Reproduce exactly, with no pictures, each line from the opening of the material down through the line containing "Hello everyone, and".

PROVIDED MATERIAL →
▬▬▬▬▬▬
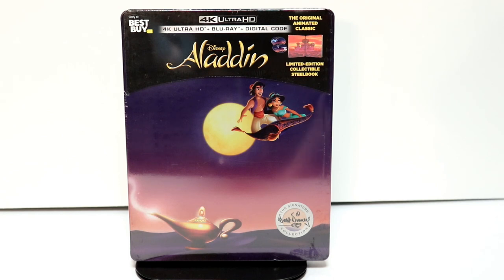Hey, Tony here. Today I want to do an unboxing of the Best Buy Exclusive 4K Steelbook for Aladdin, so stay tuned.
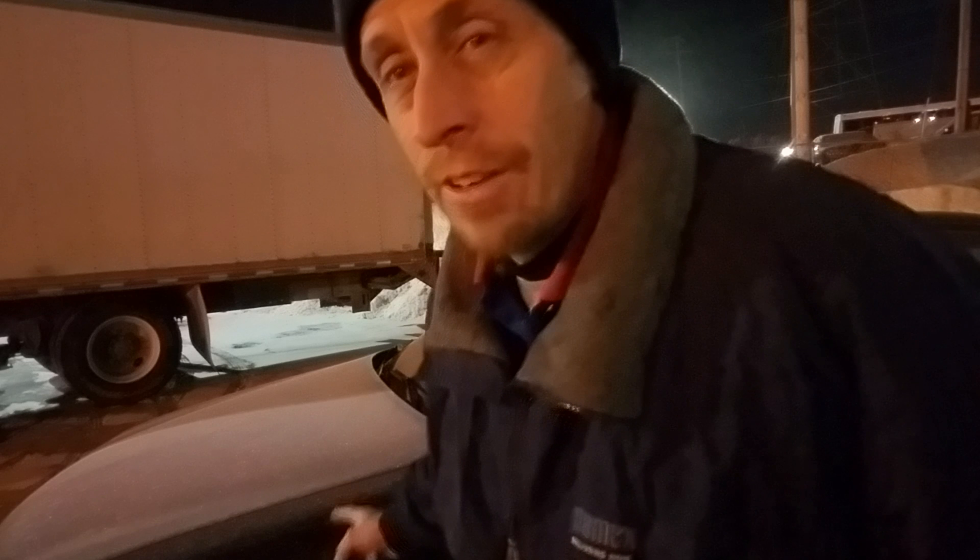Hello everyone, and welcome to another vlog. Today's project is to start this 1998 Malibu I have here up in this cold weather.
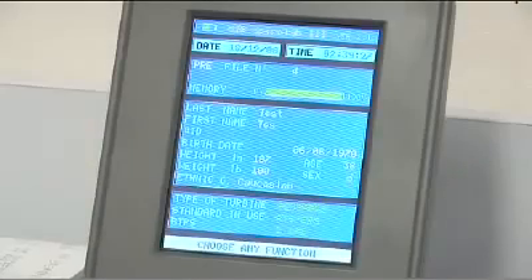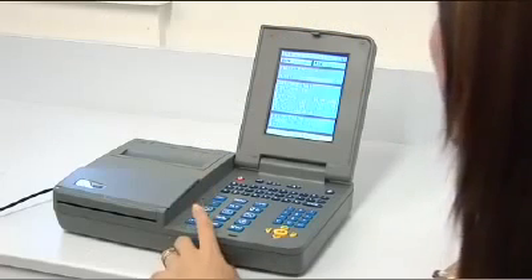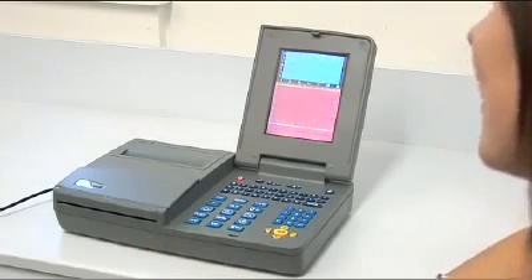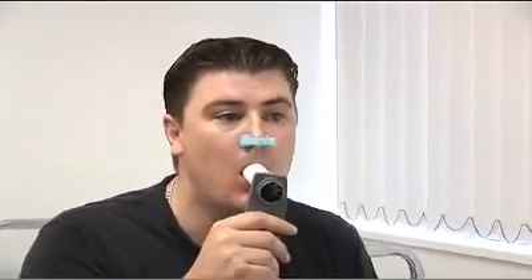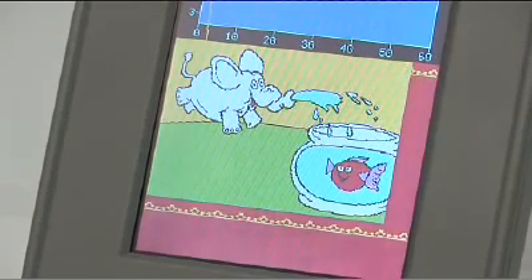The MIR SpiroLab 3 can provide the best opportunity for a consistently valid manoeuvre by providing the patient with a picture-based graphical incentive that lets the patient know how they are performing in real time.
▬▬▬▬▬▬
SOLUTION TO THIS EXERCISE →
Hey, Tony here. Today I want to do an unboxing of the Best Buy Exclusive 4K Steelbook for Aladdin, so stay tuned.
Hello everyone, and welcome to another vlog. Today's project is to start this 1998 Malibu I have here up in this cold weather.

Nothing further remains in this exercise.